De VAR wordt vervangen door een webmodule waarop ook een opdrachtgever zijn handtekening moet zetten.

Met de VAR beoordeelt de Belastingdienst vooraf de arbeidsrelatie tussen opdrachtnemer en opdrachtgever. De fiscus baseert zich hierbij op de gegevens die de opdrachtnemer verstrekt. Blijken die gegevens achteraf niet te kloppen met de feitelijke situatie, dan ligt het risico daarvoor bij de zzp-er als opdrachtnemer. De opdrachtgever wordt door de VAR gevrijwaard van mogelijke naheffingen.

“Deze systematiek heeft tot een niet voorziene extreme groei van het aantal VAR-aanvragen geleid, die zodanig is dat in de gewenste snelle beslissing op de aanvraag alleen kan worden voorzien door een automatisch of semiautomatisch afgifte van de VAR. Hierdoor kunnen de VAR-aanvragen niet goed grondig inhoudelijk worden beoordeeld Ook het aantal controles achteraf dat de Belastingdienst op de juistheid van de feiten en omstandigheden van arbeidsrelaties van VAR-houders kan doen, is onvoldoende om bij de ontstane omvang van het aantal VAR-aanvragen in de bestaande systematiek onjuist gebruik en misbruik van de VAR in voldoende mate te kunnen voorkomen”, schrijft staatssecretaris Weekers aan de Tweede Kamer.

Het kabinet is van mening dat de verdeling van verantwoordelijkheden momenteel te eenzijdig bij de opdrachtnemer is komen te liggen.
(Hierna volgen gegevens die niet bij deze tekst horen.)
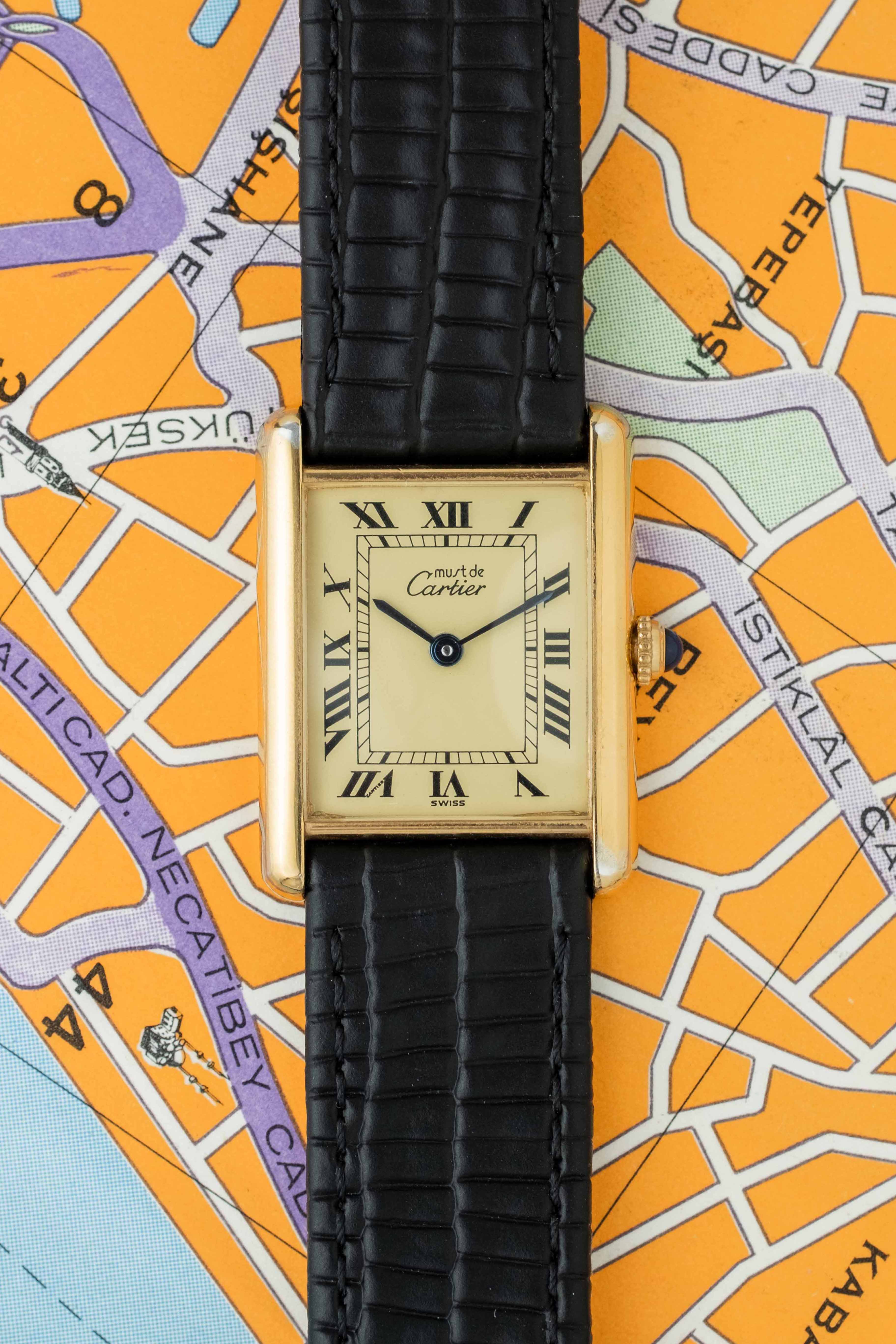 Cartier Tank Must De Cartier Ref. 590005 1990's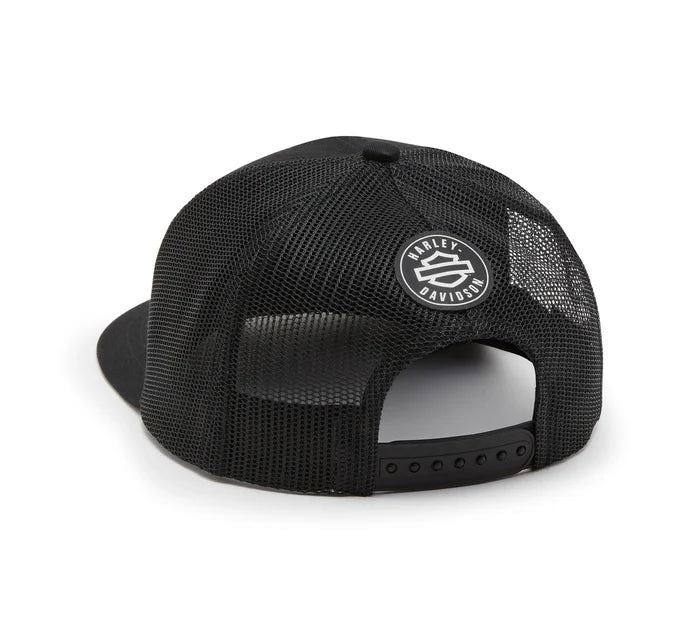 Harley-Davidson Logo Switchback Trucker Cap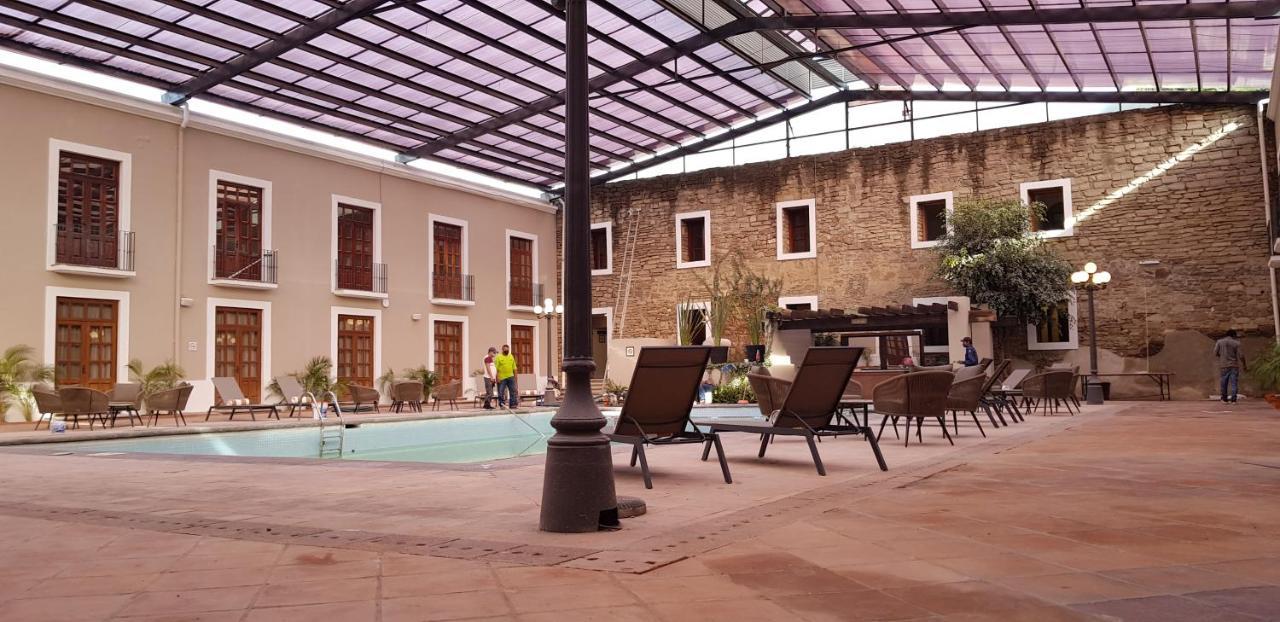 Hotel San Francisco Tlaxcala Exterior photo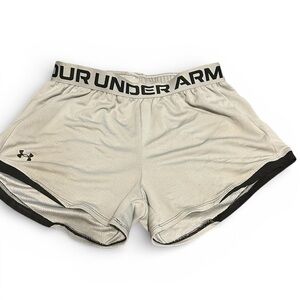 Under Armour Silver Loose Fit Top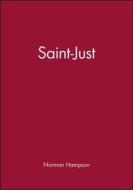 Saint-Just di Norman Hampson edito da Wiley-Blackwell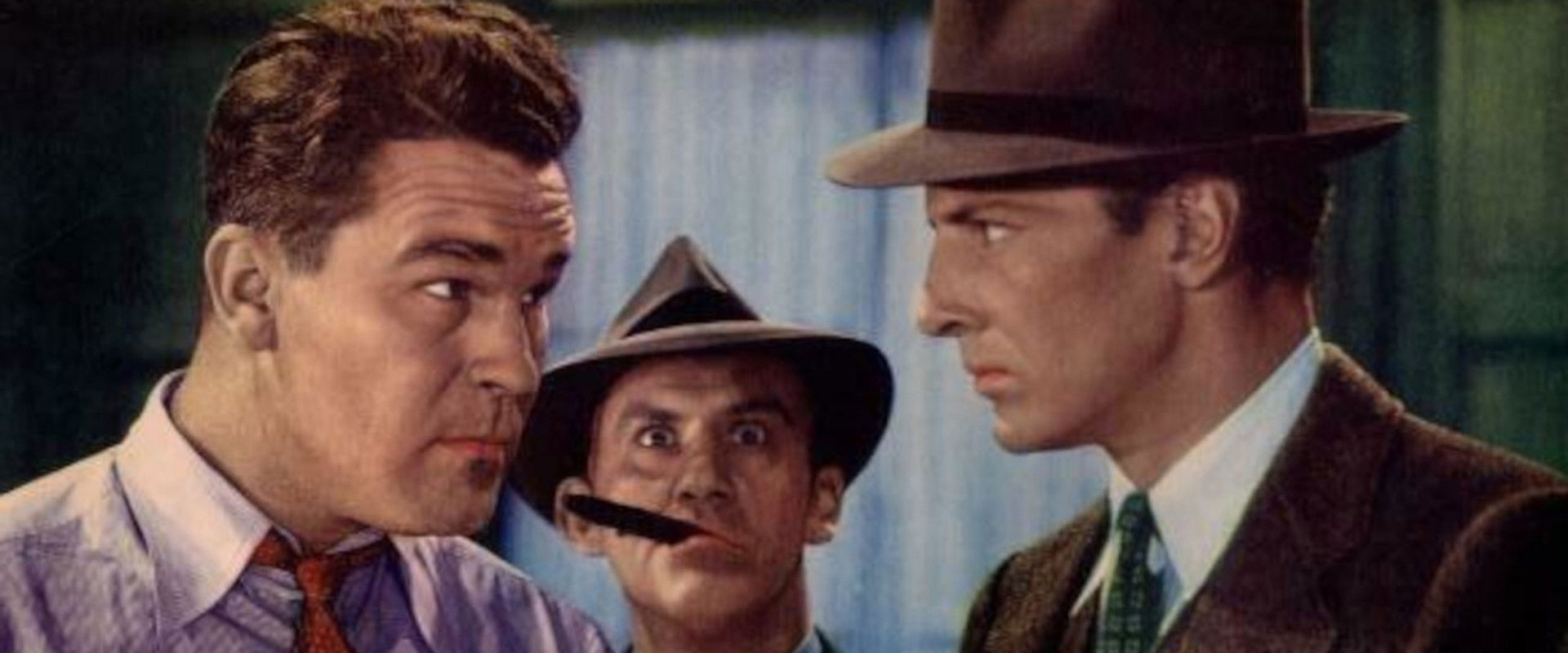 Flying Fists backdrop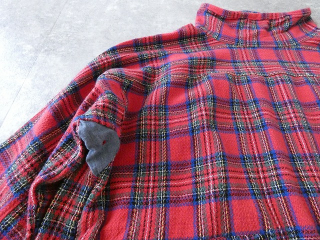 快晴堂(かいせいどう) Girl'sタータンチェック/リラクシンWork アルピーノ・ヤッケチュニックの商品画像46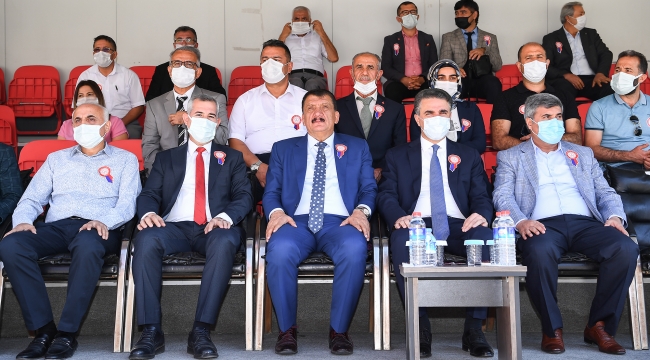 Başkan Gürkan, İlköğretim Haftası Etkinliklerine Katıldı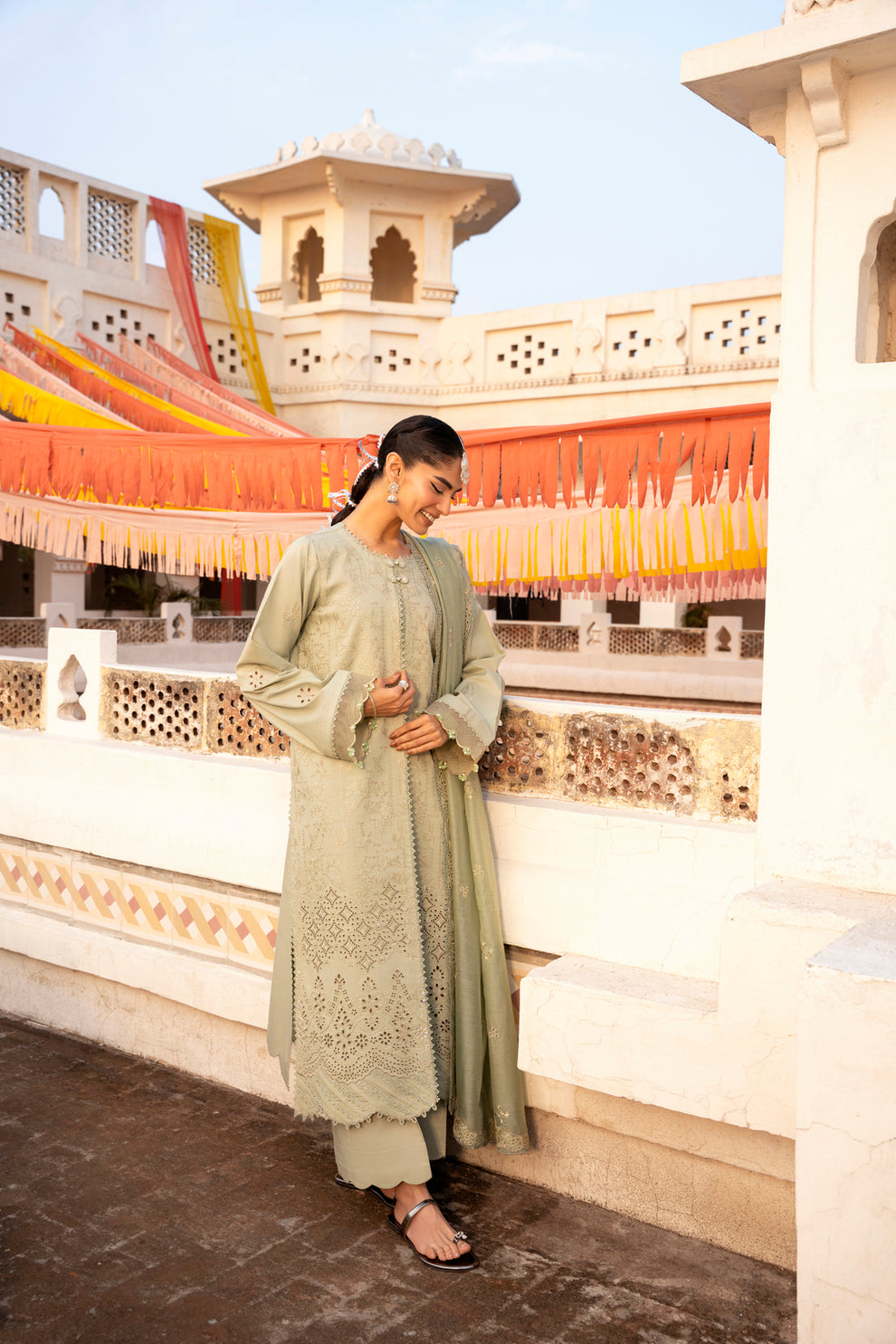 Basant ChikenKari '26 unstitched FBC - 3A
Voor opdrachtgevers is er vrijwel geen prikkel om te bezien of de door de opdrachtnemer ingevulde (verwachte) feiten en omstandigheden daadwerkelijk overeenkomen met de wijze waarop de arbeid feitelijk wordt verricht, terwijl de opdrachtgever wel degelijk medeverantwoordelijk is voor de vormgeving van de arbeidsrelatie.

Om aan deze situatie een eind te maken installeert de overheid een webmodule bij de Kamer van Koophandel. De module moet een integraal onderdeel worden van het Ondernemersplein en moet in 2013 gereed zijn. De webmodule zal allereerst worden gebruikt als vervanging van de VAR. Deze ziet dan op fiscale- en socialezekerheidswetgeving. In de toekomst is het streven om de webmodule verder te ontwikkelen en te beoordelen of deze inzetbaar kan worden voor alle wetgeving waar de vraag speelt wie zelfstandige is. In dezelfde brief onderbouwt Weekers de stelling dat een eenduidige wettelijke definitie van het begrip zzp-er niet mogelijk is.

De webmodule brengt de aansprakelijkheid van de opdrachtgever voor mogelijke schijnzelfstandigheid terug. Ook de opdrachtgever moet zijn handtekening namelijk op de webmodule plaatsen.

“Hierbij wordt vooral gedacht aan de afspraken van de opdrachtgever en opdrachtnemer die van invloed zijn op de kwalificatie van de arbeidsrelatie zoals bijv, afspraken over vakantiedagen, werktijden enz. Alleen voor die feiten en omstandigheden zet de opdrachtgever zijn handtekening onder de uitkomsten van de webmodule. Zolang de werkzaamheden plaatsvinden in de omstandigheden waaronder de handtekening staat, kan de opdrachtgever een zzp’er inhuren zonder risico op naheffing.”

Schijnconstructies

Weekers: “Hoewel de meerderheid van de VAR-aanvragers goedwillende zzp’ers zijn en zowel opdrachtgevers als opdrachtnemers baat hebben bij de rechtsgevolgen die aan de VAR verbonden zijn, bereiken mij signalen uit zowel de Belastingdienst als de praktijk dat op grote schaal gebruik wordt gemaakt van de VAR op een wijze waar ik grote vraagtekens bij zet. Ik laat deze signalen nader onderzoeken.

Het kabinet acht het dan ook van groot belang dat schijnzelfstandigheid als gevolg van misbruik van het systeem wordt tegengegaan. Omdat zowel werkgevers als werknemers er baat bij kunnen hebben dat de werknemer door de Belastingdienst als winstgenieter wordt aangemerkt, heeft dit tot gevolg dat schijnconstructies kunnen worden opgezet. (…)Herstel van de balans in verantwoordelijkheid bij de kwalificatie van de arbeidsrelatie tussen opdrachtnemer en opdrachtgever draagt naar verwachting van het kabinet in belangrijke mate bij aan het voorkomen van schijnconstructies.”